Data items
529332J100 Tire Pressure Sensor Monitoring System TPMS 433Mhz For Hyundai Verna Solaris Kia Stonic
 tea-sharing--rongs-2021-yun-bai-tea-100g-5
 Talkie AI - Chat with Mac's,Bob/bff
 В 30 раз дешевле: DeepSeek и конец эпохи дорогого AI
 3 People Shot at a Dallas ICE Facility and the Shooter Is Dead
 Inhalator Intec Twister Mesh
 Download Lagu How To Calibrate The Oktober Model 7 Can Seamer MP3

*PROBLEM REQUIREMENTS*:
Write the data out once more, exactly as it was given.

*COMPLETED EXERCISE*:
529332J100 Tire Pressure Sensor Monitoring System TPMS 433Mhz For Hyundai Verna Solaris Kia Stonic
 tea-sharing--rongs-2021-yun-bai-tea-100g-5
 Talkie AI - Chat with Mac's,Bob/bff
 В 30 раз дешевле: DeepSeek и конец эпохи дорогого AI
 3 People Shot at a Dallas ICE Facility and the Shooter Is Dead
 Inhalator Intec Twister Mesh
 Download Lagu How To Calibrate The Oktober Model 7 Can Seamer MP3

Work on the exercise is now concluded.